Interesting! In this dataset, there are actually more songs that have more instrumental music. I wonder if songs that contain more speech *also* contain more explicit dialogue than songs with less speech. I can investigate this question using a density plot.

```
df$explicit.char[df$explicit == "False"] <- "No"
df$explicit.char[df$explicit == "True"] <- "Yes"
ggplot(df, aes(speechiness)) +
# create density plot to show distribution
geom_density(aes(fill = factor(explicit.char)), alpha = 0.8) +
# use my colors and rename legend
scale_fill_manual(values = c("#8dc6bf","#fcbc66"), name = "Explicit Lyrics") +
# label x-axis and y-axis
ylab("Density") + xlab("Average Track Speechiness") +
# add a descriptive title
ggtitle("Average Speechiness of Songs With and Without Explicit Lyrics")
```

From the density plot, we see that yes, songs with more speech and music tend to have more explicit language than songs with less speech!
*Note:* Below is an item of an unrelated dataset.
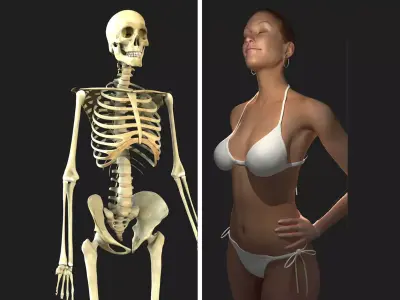 Full Female Body With Skeleton 3D model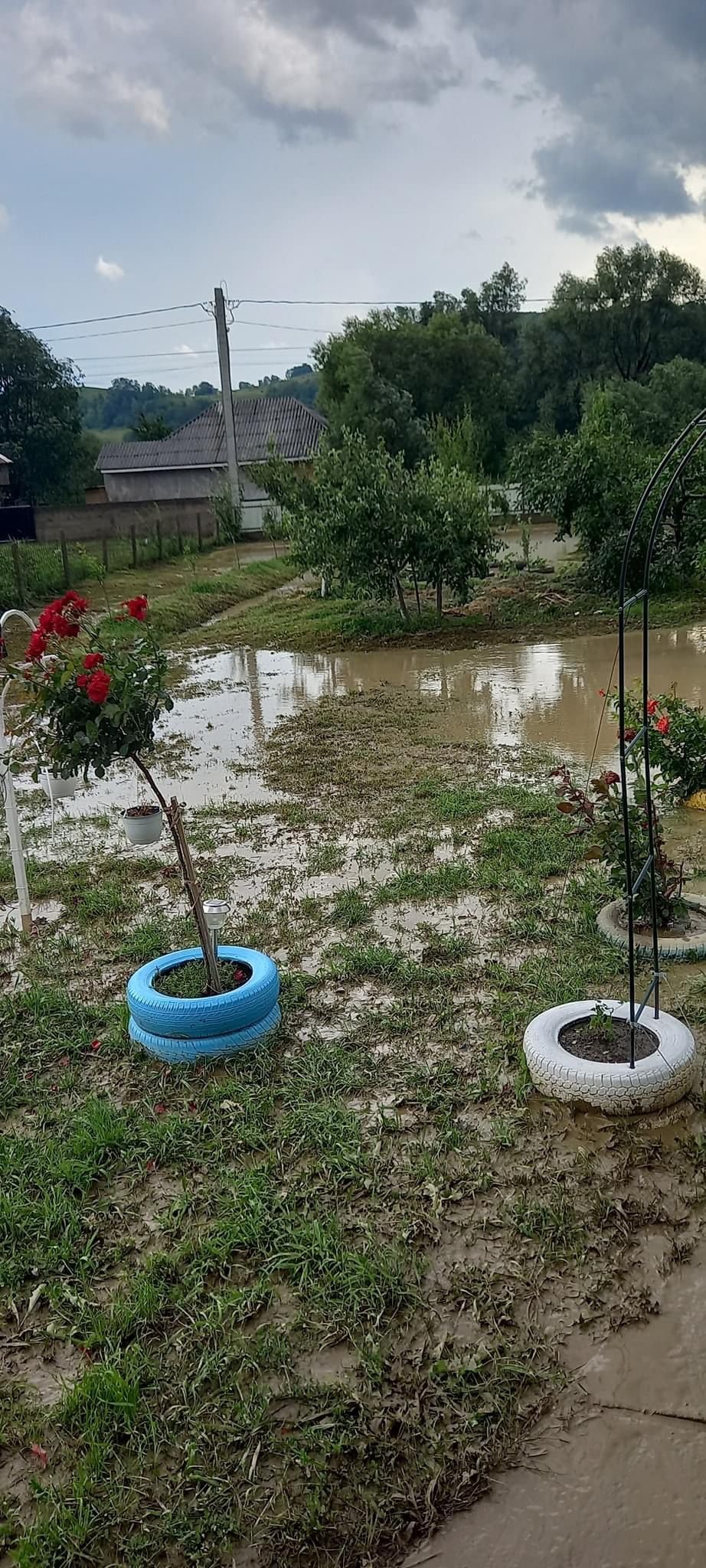 Inundații în urma furtunii, la Basarabi 611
Finally, I want to investigate if there is a relationship between song tempo and song popularity or between song duration and song popularity. To do this, I’m going to run two simple linear regressions using base R’s `lm`

function. I want to see if song tempo (independent, predictor variable) influences song popularity (dependent, response variable). I also want to see if song duration in minutes influences song popularity.

```
# does song tempo influence popularity?
ggplot(df, aes(x = tempo, y = popularity)) +
# show data points
geom_jitter(size = 1, shape = 1) +
# draw regression line
geom_smooth(method = "lm", color = "#8dc6bf", fill = "#8dc6bf") +
# label x-axis and y-axis
xlab("Tempo (Beats Per Minute)") + ylab("Average Popularity")
```

```
# run a linear regression
model1 <- lm(popularity ~ tempo, data = df)
summary(model1)
```

```
##
## Call:
## lm(formula = popularity ~ tempo, data = df)
##
## Residuals:
## Min 1Q Median 3Q Max
## -60.668 -3.518 5.860 13.439 29.151
##
## Coefficients:
## Estimate Std. Error t value Pr(>|t|)
## (Intercept) 58.47742 2.21991 26.342 <2e-16 ***
## tempo 0.01106 0.01804 0.613 0.54
## ---
## Signif. codes: 0 '***' 0.001 '**' 0.01 '*' 0.05 '.' 0.1 ' ' 1
##
## Residual standard error: 21.51 on 1956 degrees of freedom
## Multiple R-squared: 0.0001921, Adjusted R-squared: -0.000319
## F-statistic: 0.3759 on 1 and 1956 DF, p-value: 0.5399
```

Based on the regression results, there does not appear to be an effect of song tempo on popularity (p = .54).

```
# calculate song duration in minutes
df$duration_min <- df$duration_ms/60000
# does song duration influence popularity?
ggplot(df, aes(x = duration_min, y = popularity)) +
# show data points
geom_jitter(size = 1, shape = 1) +
# draw regression line
geom_smooth(method = "lm", color = "#fcbc66", fill = "#fcbc66") +
# label x-axis and y-axis
xlab("Song Duration (Minutes)") + ylab("Average Popularity")
```

```
# run a linear regression
model2 <- lm(popularity ~ duration_min, data = df)
summary(model2)
```

```
##
## Call:
## lm(formula = popularity ~ duration_min, data = df)
##
## Residuals:
## Min 1Q Median 3Q Max
## -61.951 -3.755 5.791 13.531 28.854
##
## Coefficients:
## Estimate Std. Error t value Pr(>|t|)
## (Intercept) 53.3904 2.8842 18.511 <2e-16 ***
## duration_min 1.6860 0.7472 2.256 0.0242 *
## ---
## Signif. codes: 0 '***' 0.001 '**' 0.01 '*' 0.05 '.' 0.1 ' ' 1
##
## Residual standard error: 21.49 on 1956 degrees of freedom
## Multiple R-squared: 0.002596, Adjusted R-squared: 0.002086
## F-statistic: 5.091 on 1 and 1956 DF, p-value: 0.02416
```

Based on the regression results, there is a significant effect of song duration on popularity (p = .024). As songs get longer, they increase in popularity.